Xi Jinping a-t-il vraiment un pouvoir suffisant pour faire changer les choses en Chine ?  

Ce que l’on peut constater, à l’heure actuelle, c’est une certaine vacuité du pouvoir. Xi Jinping essaie de s’imposer mais donne l’impression de ne pas vraiment y parvenir. Il a vraiment les mandats pour sur les trois piliers, l’armée, le parti, la nation, mais ne s’impose pas comme a pu le faire, dans une certaine mesure un Jiang Zemin.


C’est en partie dû au fait qu’au sein de ces trois piliers se manifestent des luttes entre la norme conservatrice et la norme moderne. Il n’y a pas de réelle unité au sein de parti communiste chinois, il s’y trouve des gens extrêmement conservateurs, nationalistes et d’autres beaucoup plus « modernes », pour prendre des termes occidentaux, libéraux.


Comment compte réagir le gouvernement face au vieillissement de la population chinoise qui devient un problème de plus en plus pressant ?

Il y a toujours cette opposition au niveau du gouvernement entre les libéraux et les conservateurs. Certains libéraux commencent à penser à la mise en place d’un système de retraite par capitalisation, sur le modèle anglo-saxon, qui fonctionne même s’il est imparfait.


Pour l’instant, la retraite est essentiellement financée de manière familiale, par l’épargne, l’Etat ne participe que très peu.


Quelles sont les avancées marquantes à mettre à l’actif du nouveaux président et quelle sera l’orientation de la suite de son mandat ?

Il a remis au pas certains ministères, et effectué une certaine purge interne au parti communiste. A côté de cela, on note en revanche une certaine détérioration des rapports en le parti, l’Etat et l’armée.


Pour l’instant, il cherche avant tout à obtenir un pouvoir de décision plus fort. Il succède à Hu Jintao, qui a en quelque sorte gouverné en mettant la poussière sous le tapis, en repoussant les changements nécessaires. Pour sa part, Xi Jinping a vraiment pour ambition de faire bouger son pays. Il y a chez lui, et chez de plus en plus de dirigeants chinois, particulièrement au sein de la jeune génération, une volonté de normaliser la Chine dans le monde.

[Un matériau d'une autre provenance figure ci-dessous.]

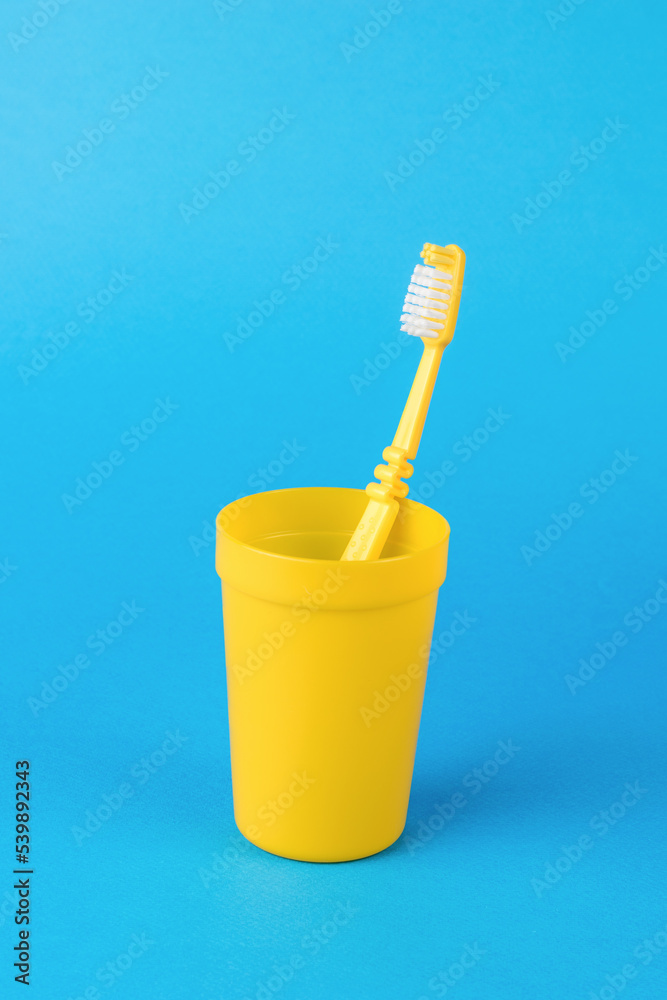 A yellow glass with a yellow toothbrush on a light blue background. A yellow glass with a yellow toothbrush on a light blue background.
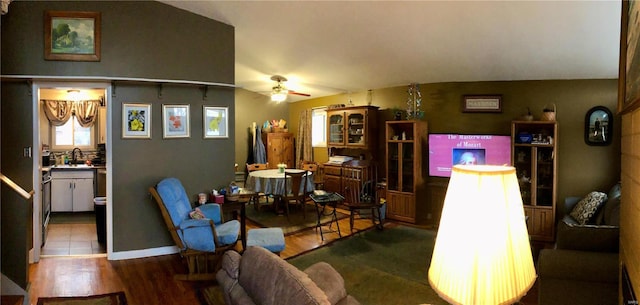 living room featuring ceiling fan, baseboards, and wood finished floors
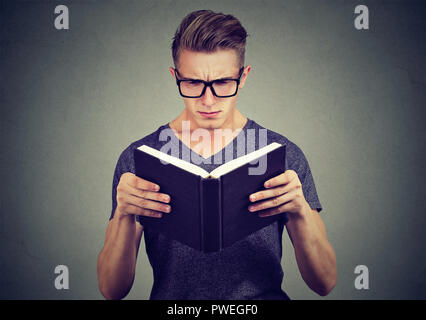 Jeune homme dans les verres à confondre tout en essayant de lire smart livre sur fond gris Banque D'Images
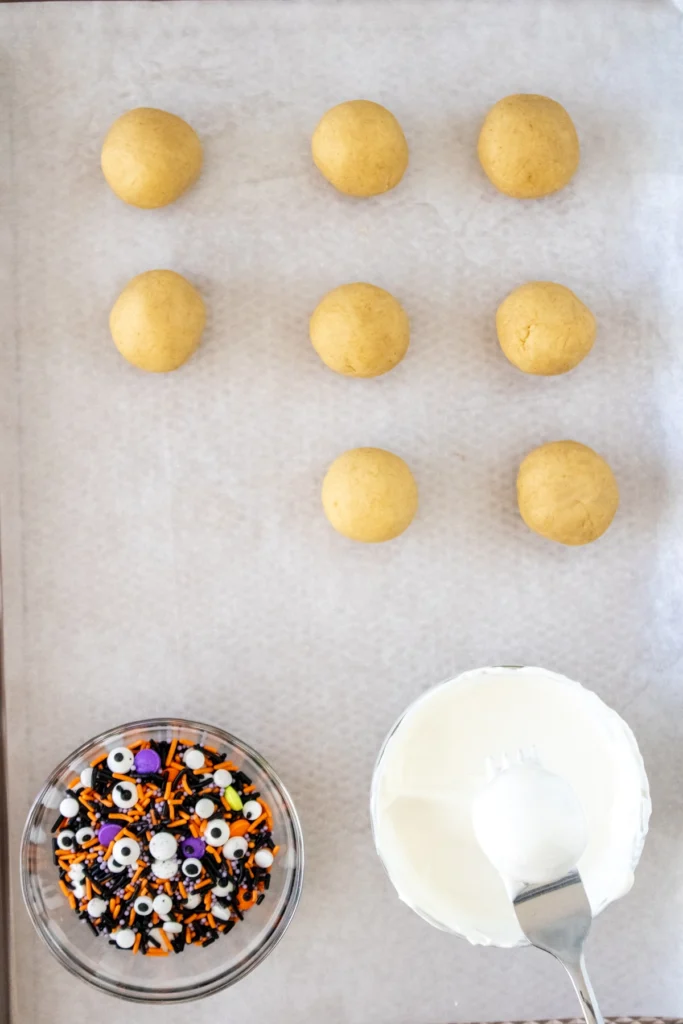 Fork lifting a coated cake truffle from melted candy coating with excess dripping off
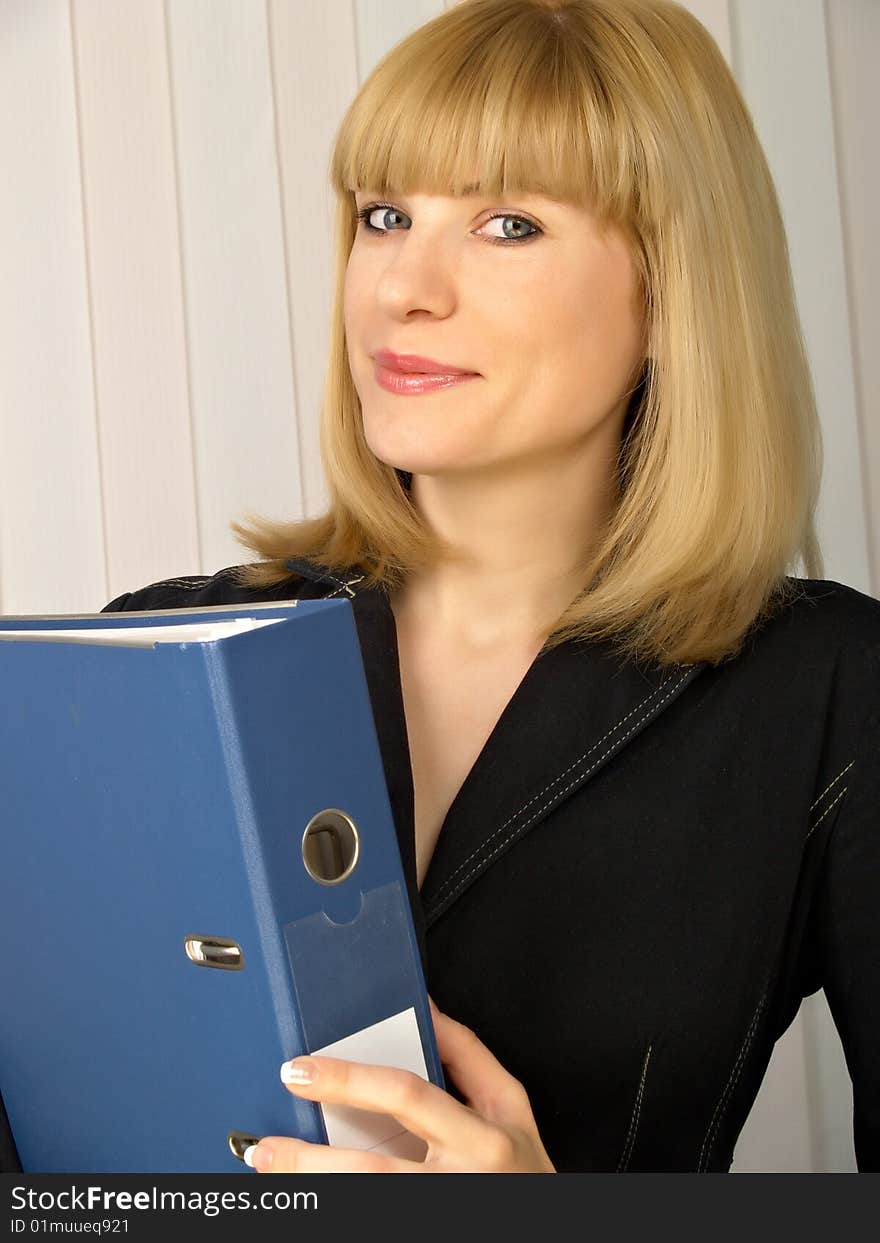 Folder for papers in hands at business of the woman in black clothes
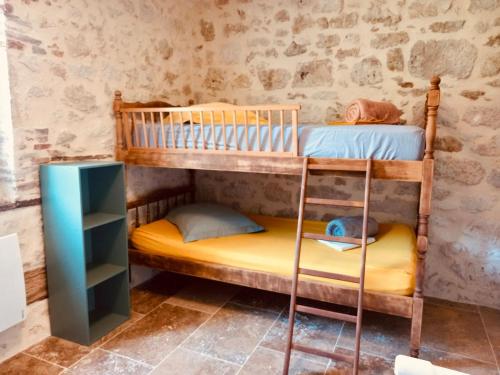 two bunk beds in a room with a stone wall at Le Moulin de Toquedonnes Gîte insolite in Saint-Michel
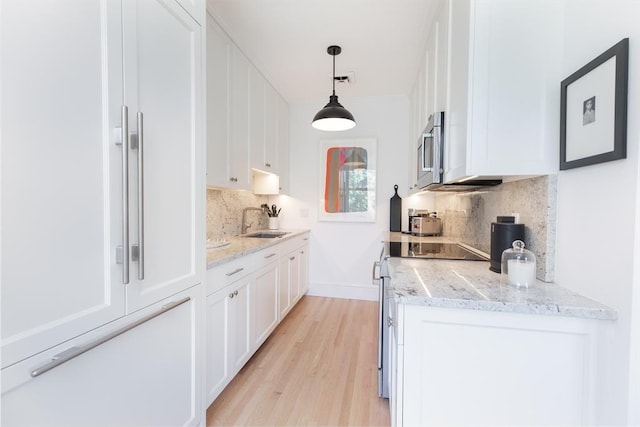 bar featuring decorative light fixtures and white cabinetry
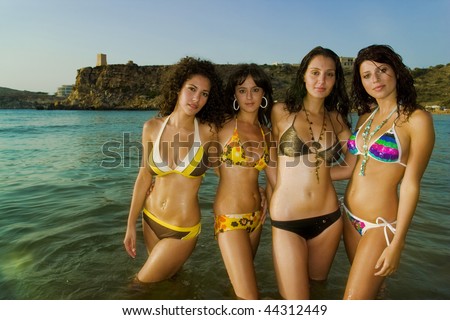 Four Gorgeous Young Girls Relaxing By The Ocean During A Hot Summers Day In Malta In Four Gorgeous Young Girls Relaxing By The Ocean During A Hot Summers Day In Malta In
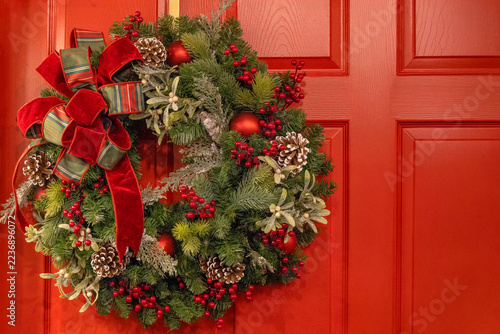 Christmas wreath on red background 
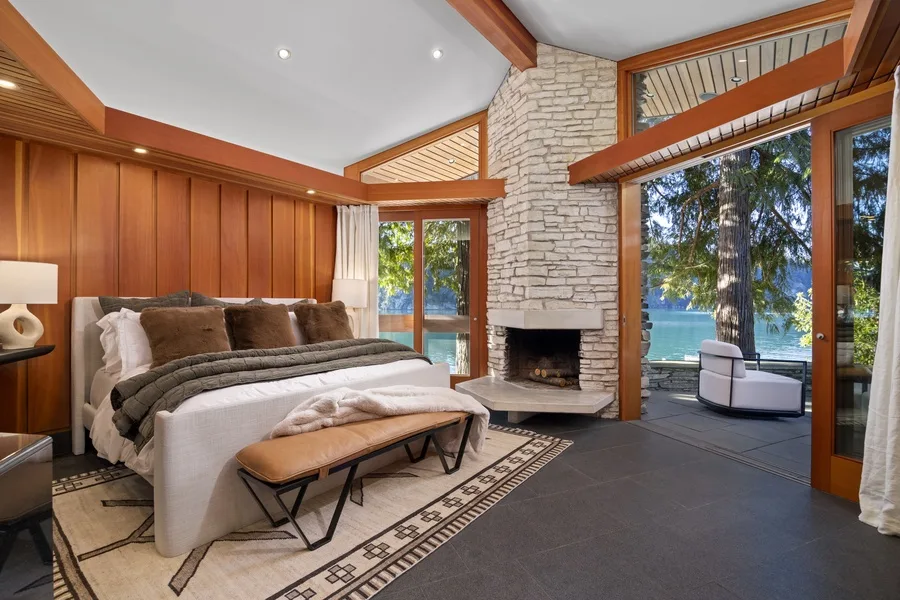A bedroom with a bed, stone fireplace, and large windows overlooking the water.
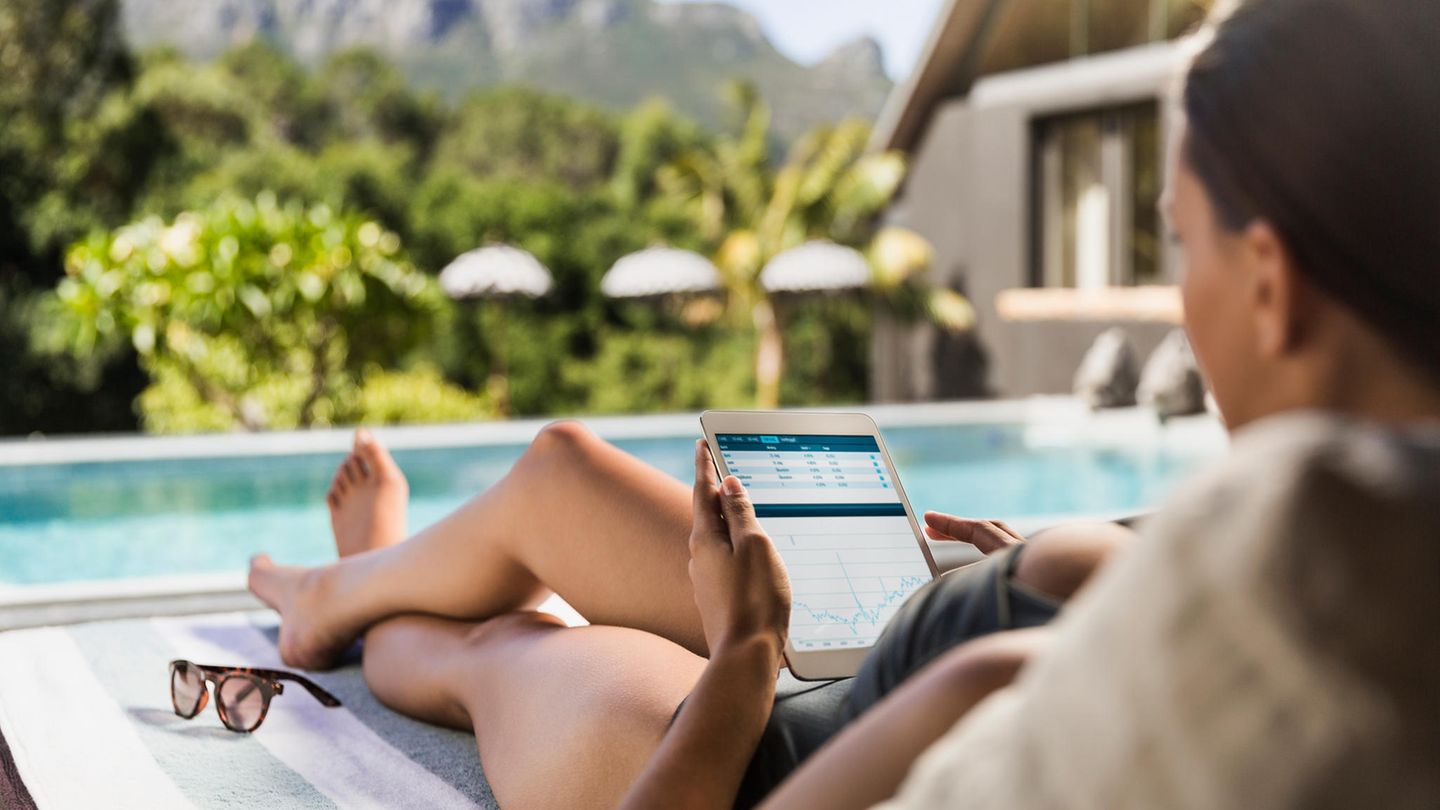 Frau mit Tablet in der Hand am Pool
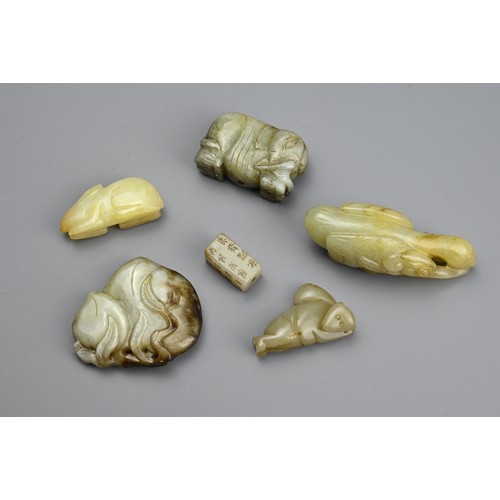 126 - SIX CHINESE CARVED JADE PENDANTS, Comprising: a calligraphic seal pendant, a pale jade rabbit, a cel... 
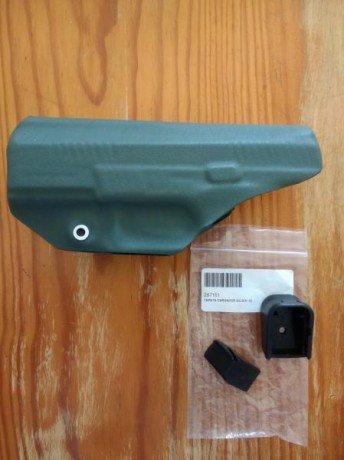 Saludos compañeros,

Pongo a la venta dos artículos. El primero es una funda Cz P10-C para porte oculto 00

Economiquement, l’arrivée d’un nouveau président marque aussi un changement. En réponse à la crise de 2008, Hu Jintao avait pris le pari de faire de grands travaux, des grandes opérations. Xi Jinping est totalement revenu en arrière.


La suite dépendra vraiment du rapport de force entre conservateurs et libéraux, même s’il est indéniable qu’un nombre croissant de dirigeants ont pris conscience des limites du modèle marxiste maoïste.